Tipps für Trainer, um den fundamentalen Attributionsfehler zu vermeiden:

1: Bewusstsein schaffen:

Trainer sollten sich des fundamentalen Attributionsfehlers bewusst sein und verstehen, wie er ihr Urteilsvermögen beeinflussen kann. Indem sie sich dieses Bias bewusst machen, können sie ihre Entscheidungsfindung verbessern und gerechtere Bewertungen vornehmen.

2. Fakten überprüfen:

Anstatt vorschnell Schlussfolgerungen zu ziehen, sollten Trainer die Fakten überprüfen und alle relevanten Informationen sammeln, bevor sie eine Bewertung abgeben. Dies umfasst die Berücksichtigung von Umständen, zum Beispiel den Spielstand, die Spielzeit oder die individuellen Fähigkeiten der Sportler.

3. Feedback einholen:

Trainer sollten sich nicht nur auf ihre eigenen Einschätzungen verlassen, sondern auch Feedback von Spielern, Assistenten und anderen Trainern einholen. Durch den Austausch von Perspektiven können sie ein umfassenderes Bild der Situation erhalten und mögliche Fehler in der Attribuierung vermeiden.

4. Entwickeln sie eine lernorientierte Kultur:

Trainer sollten eine Kultur des Lernens und der Verbesserung fördern, in der Fehler als Teil des Lernprozesses betrachtet werden. Anstatt Spieler für ihre Fehler zu kritisieren, sollten Trainer sie ermutigen, aus ihnen zu lernen und sich weiterzuentwickeln. 

Fazit

Trainer können leicht in die Falle des fundamentalen Attriubtionsfelers tappen.
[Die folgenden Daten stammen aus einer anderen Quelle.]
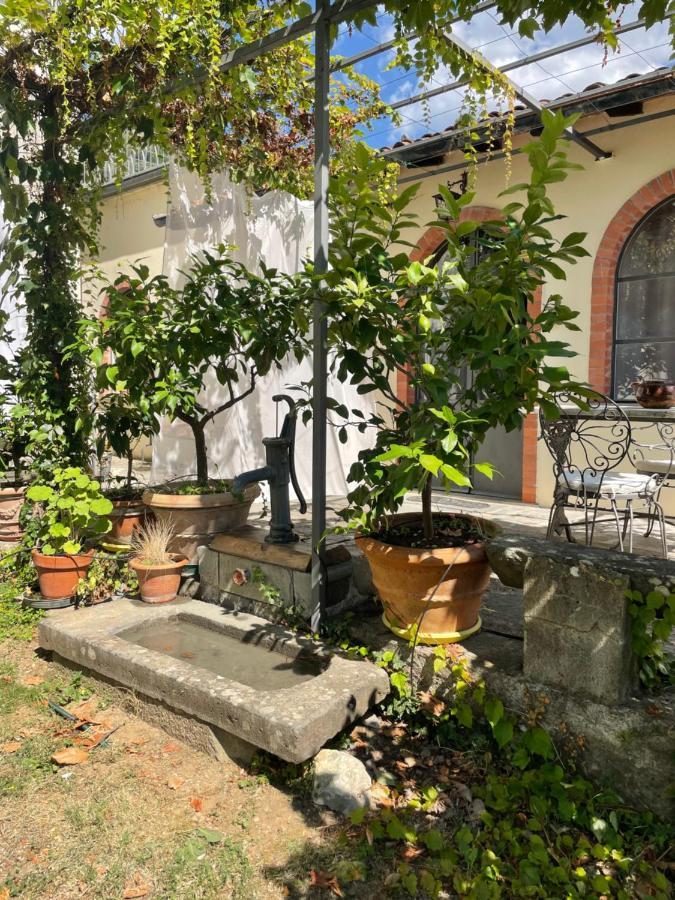 La Limonaia Di Casagrande Villa Barga Luaran gambar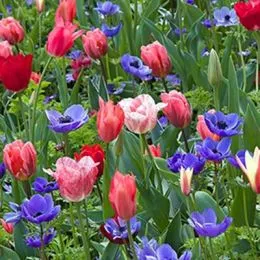 Микс ландшафтный Spring Spectacle фото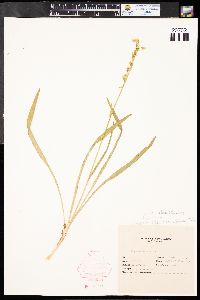 Anticlea elegans image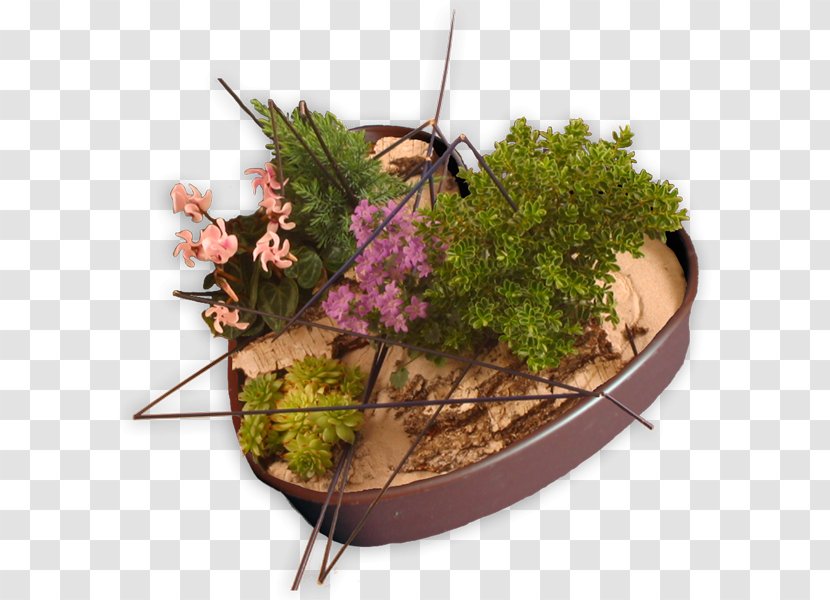 Herb Flowerpot - Fried Shrimp Transparent PNG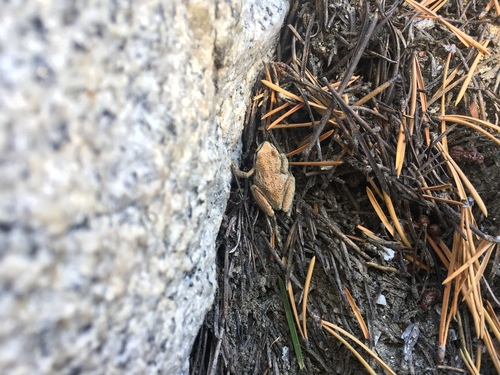 iNaturalist observation photo of Pacific chorus frog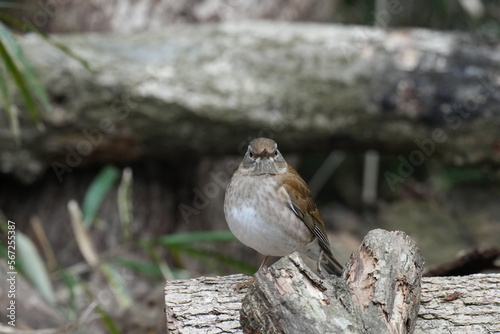 pale thrush in a forest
Dieser Fehler bezieht sich auf die Tendenz, das Verhalten anderer Menschen übermäßig auf persönliche Merkmale oder Eigenschaften zu attribuieren, anstatt die Einflüsse der Situation oder der Umstände angemessen zu berücksichtigen. So wird schnell ein Sportler, der Verantwortung übernehmen will und einen Fehler macht als „faul“ oder „unfähig“ bezeichnet, ohne die Umstände zu berücksichtigen, die zu dem Fehler geführt haben (z.B. Elfmeter zum Ausgleich im Abstiegskampf; Müdigkeit—> Spieler kommt aus einer Verletzung). 

Trainer können jedoch dieser Falle entkommen, indem sie sich dieser Fehlinterpretation bewusst werden, Feedback einholen und eine lernfördernde Umgebung schaffen, in welcher Fehler als notwendige Entwicklungsschritte angesehen werden. Gerne unterstützen meine Kollegen (zur Übersicht) und ich (zum Profil von Thorsten Loch) sie bei ihrer eigenen Entwicklung. 

Mehr zum Thema:

Literatur:

Ross, L. (1977).: The intuitive psychologist and his shortcomings: Distortions in the Attributen process. In L. Berkowitz (Ed.), Advances in experimental social psychology (Vol. 10, pp. 173-220). Academic Press.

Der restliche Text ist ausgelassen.